The first car in a series is good. But the last car is best. A real, documented and important history makes it better. Commercial success is good, but success in competition is better, and the overall winner of the 24 Heures du Mans is the best of all.

The expression of all these attributes is the 1962 Ferrari 330 TRI/LM, chassis number 0808. The only 4-liter Testa Rossa built, it is also the last Testa Rossa and the last front-engined sports racing car built by Ferrari. Driven by Phil Hill and Olivier Gendebien, it is the last front-engined car to capture the overall victory at Le Mans.

Restructured rules and classifications for 1962 placed emphasis upon GT cars and eliminated the 3-liter sports-racing class the Testa Rossas had dominated. The displacement limit for GTs was increased to 4 liters and a new Experimental category was added with a 4-liter displacement limit. Ferrari's current sports-racers were by now mid-engined and V6 or V8 powered, but Ferrari decided to create the ultimate Testa Rossa for the Experimental category, the 330 TRI/LM.

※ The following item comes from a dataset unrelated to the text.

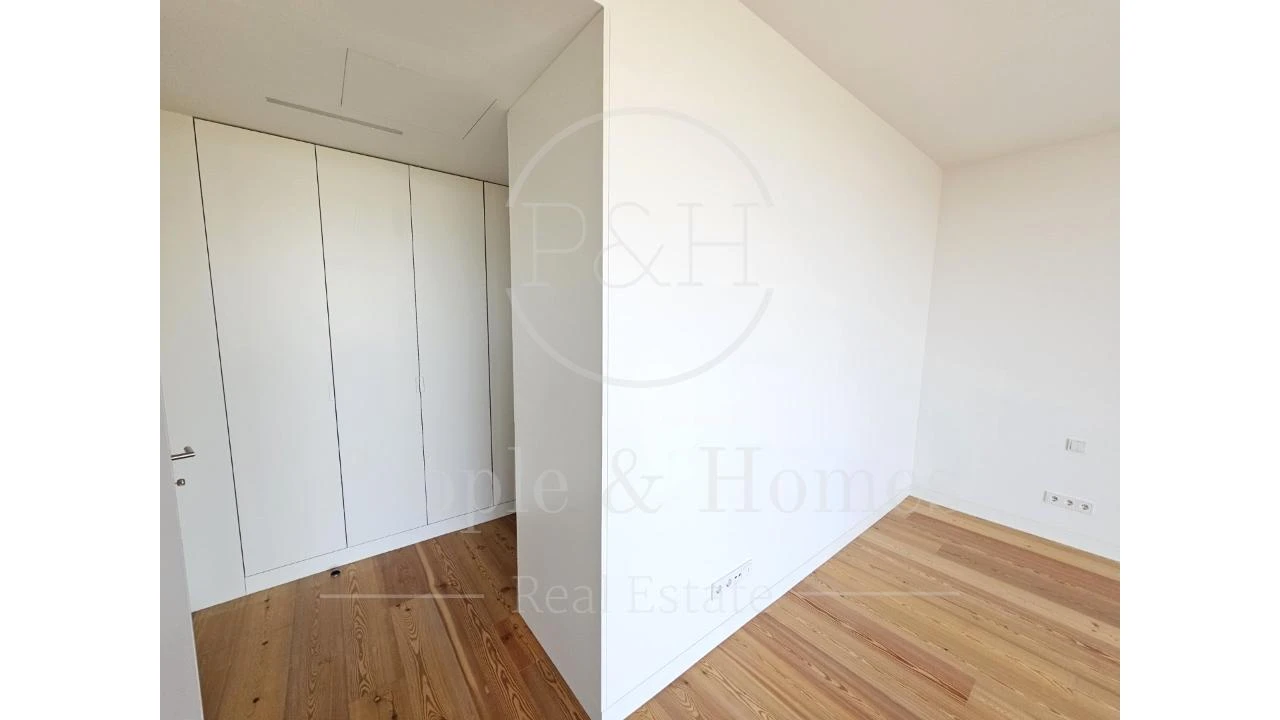Apartamento T4 para Venda em Cascais e Estoril Foto 23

Fantuzzi created the longer body, which Phil Hill described in a Road & Track article as "&a combination of the old Testa Rossa shape, but with the double nostril nose and the cutoff tail-with-a-spoiler that were used on the mid-engine cars." He continued, "Testa Rossas were the reason Ferrari was able to dominate sports car racing in much of the world, and produce some of the most beautiful sports racing cars of the postwar era. In 1962& the TR lineage was about to end and the 330 [TRI/LM] became the last Testa Rossa. Seen from that view, the big car's lines look even better, flowing yet tough, the graceful shape only interrupted when necessary by an air scoop, a bonnet handle or a leather strap, &the rounded looks-good-to-the-eye shape of the '50s ending at the scientific cutoff Kamm tail of the '60s."

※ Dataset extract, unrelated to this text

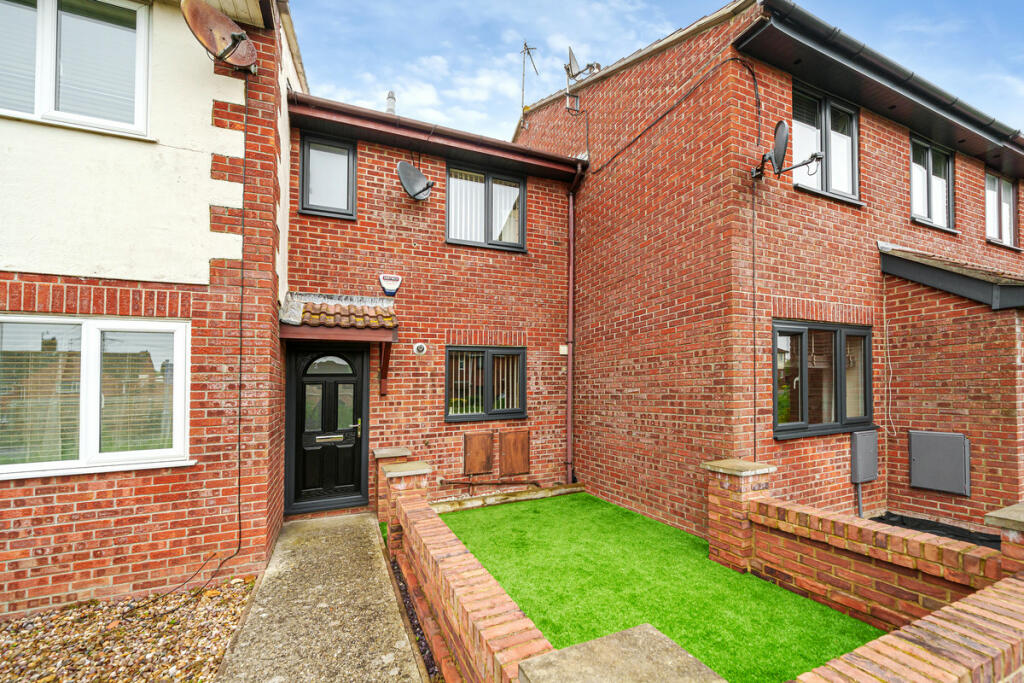 2 bedroom terraced house for sale in Littlemoor Road, Weymouth, DT3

Following Le Mans, the 330 TRI/LM was sold to Luigi Chinetti's North American Racing Team and on to Don Rodriguez. Having seen the car's success firsthand, he was determined to put Pedro in it for the North American season. N.A.R.T. returned to Le Mans with the 330 TRI/LM in 1963, where it ran in third until after midnight, when the engine threw a connecting rod.

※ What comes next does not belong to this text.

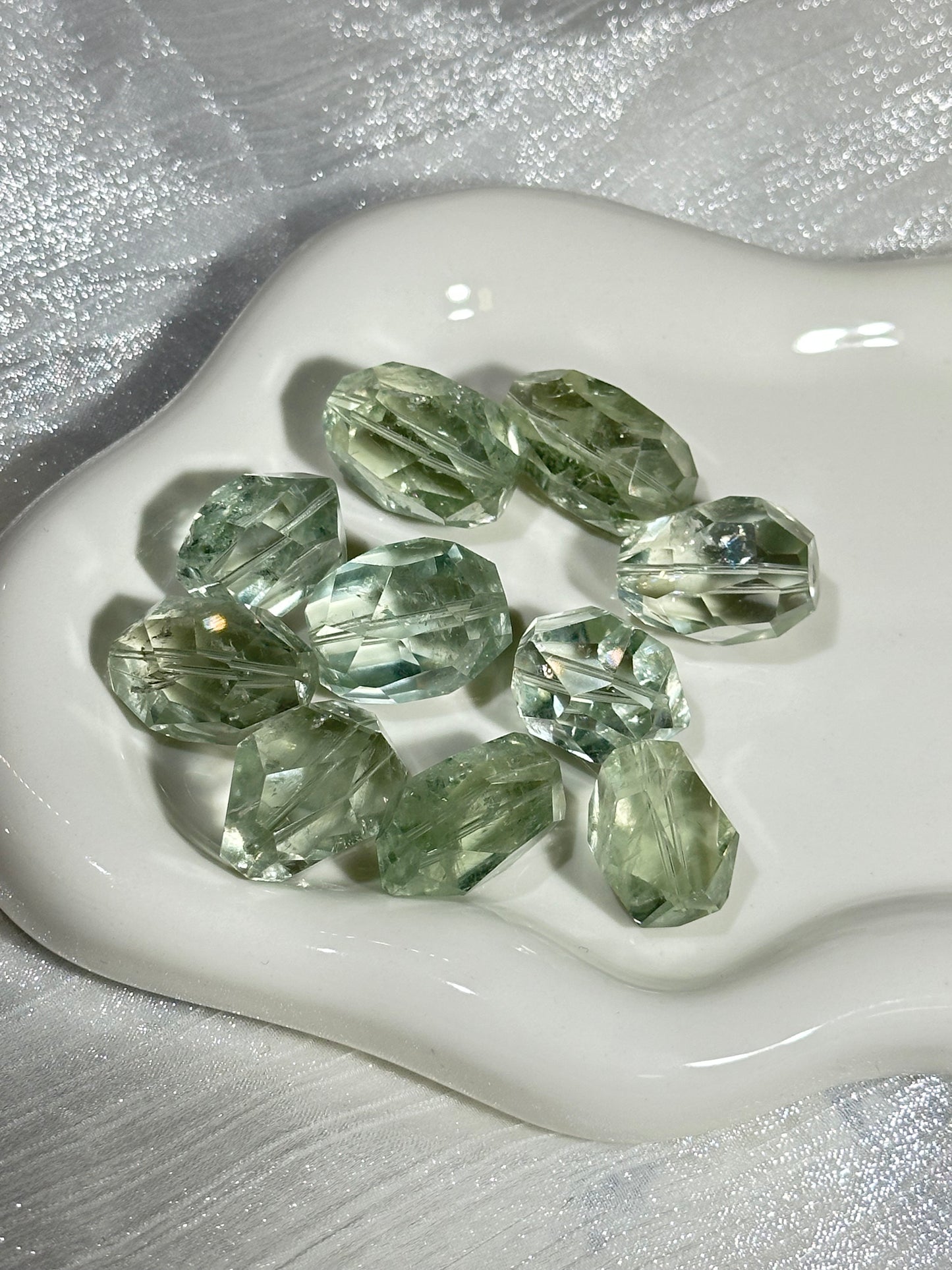 Green crystal shape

The damaged 0808 was sent back to Ferrari, where it was rebodied, first as a spider and later with a unique coupe body. Shipped back to the United States, it was sold to Hisashi Okada, who drove the TRI/LM for nine years on the streets of New York before succumbing in 1974 to the entreaties of Pierre Bardinon.

Bardinon restored 0808 to its 1962 Le Mans configuration, commissioning original coachbuilder Fantuzzi to recreate its work of 1962. Completed to a very high standard under the supervision of the experienced staff at Bardinon's Mas du Clos collection, it took its place among a peerless collection of some of the world's finest Ferraris.

Since being acquired in 2002 by the present owner, 0808 has led an active life as part of a small, exclusive collection of the finest and most important sports and sports-racing cars. It is quite simply the most important Ferrari ever offered for public sale.

The SCM Analysis

This car sold for $9,281,250 at RM's Leggenda e Passione Auction in Maranello, Italy, on May 20, 2007.

The $9 million-plus sale of Testa Rossa #0808 was the highest price ever paid at auction for a Ferrari and narrowly missed the record for the most expensive car ever to sell at an auction. It is the fastest Testa Rossa, a Le Mans winner, the last Testa Rossa, and the end of the line for front-engine sports racers, yet it sold a couple million dollars short of the upper end of earlier vintage Testa Rossa values. Was the car undersold? The first time RM declared #0808 the most important Ferrari offered for public sale was at its August 2002 Monterey auction. When the dust settled after that auction, the car changed hands for $6,490,000, an incredible amount of money for a Ferrari at the time. It was big news and gave high-end buyers confidence to write big checks.